| name | security-review |
| description | Threat-model rubric for a focused security review of a code change. Use when reviewing auth / input validation / crypto / secrets / supply chain, or as the "security" dimension of a multi-perspective PR review. Pull this skill before starting so severity calibration and coverage stay consistent.
|
| allowed-tools | ["Bash","Read","Glob","Grep"] |
Security review procedure
A focused rubric for security review of a code change. Designed as the
"security" specialist dimension of a multi-perspective PR review, but
applies equally to a standalone audit.
Scope
Review ONLY your assigned diff (or module).
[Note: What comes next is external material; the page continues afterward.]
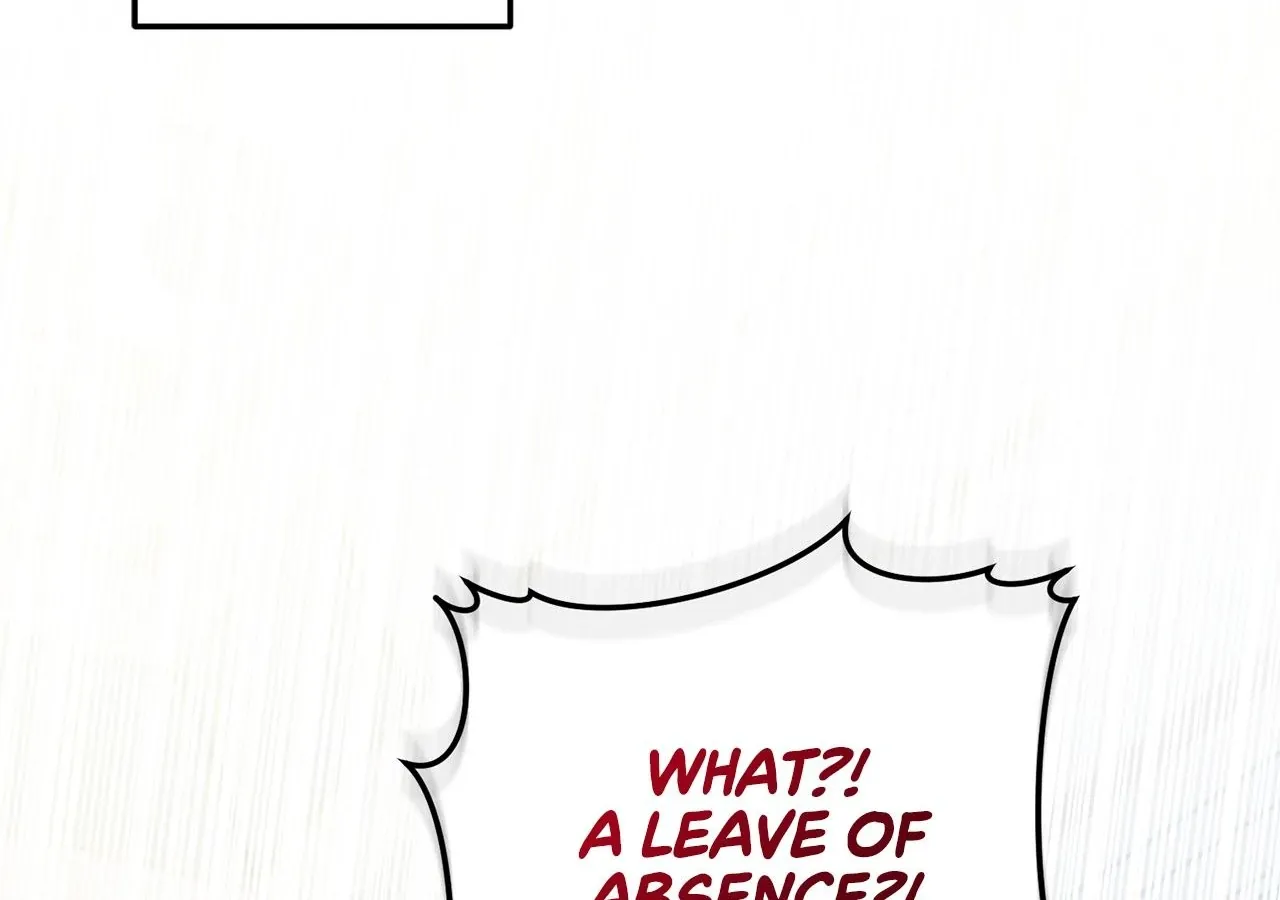 Chapter 86 — page 164
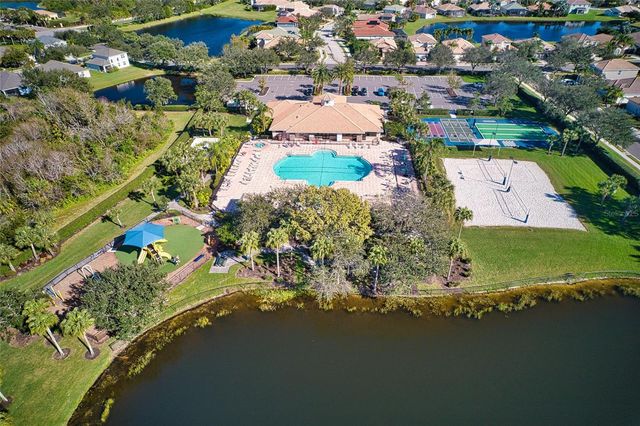 163 BRIDGEWATER COURT, Bradenton, FL 34212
Cross-module concerns go to
the architecture specialist; correctness bugs without security impact go
to correctness.
Checklist summary (10 sections)
- Authentication & authorization — endpoint auth checks, session tokens, RBAC, fail-closed, multi-tenant
- Input validation — type/range/length/encoding, parameterization, regex anchoring, structured data parsers
- Data exposure — error messages, logs, response fields, timing/cache leaks
- Crypto & secrets — hardcoded keys, safe defaults, weak primitives,
random vs secrets, password hashing
- Injection — SQL, shell, LDAP, template, HTML/XSS
- File / path handling — path containment, zip-slip, temp files, symlinks
- Supply chain — typosquatting, pinned versions, endpoint validation
- Deserialization & parsers — pickle, yaml.load, eval, exec, XXE
- Race conditions / TOCTOU — atomic file operations, lock scope
- Denial of service — unbounded loops on user input, rate limiting
See threat-model.md for full per-section detail and CWE mapping.
Severity calibration
CRITICAL — exploitable now, no special conditions: auth bypass, RCE, full data exposure
HIGH — data exposure / auth gap requiring specific conditions
MEDIUM — mis-scoped tokens, weak validation, missing rate limit
LOW — defense-in-depth hardening
INFO — notes for future consideration
Rule of thumb: CRITICAL vs HIGH — user action required to exploit? No = CRITICAL, chained = HIGH.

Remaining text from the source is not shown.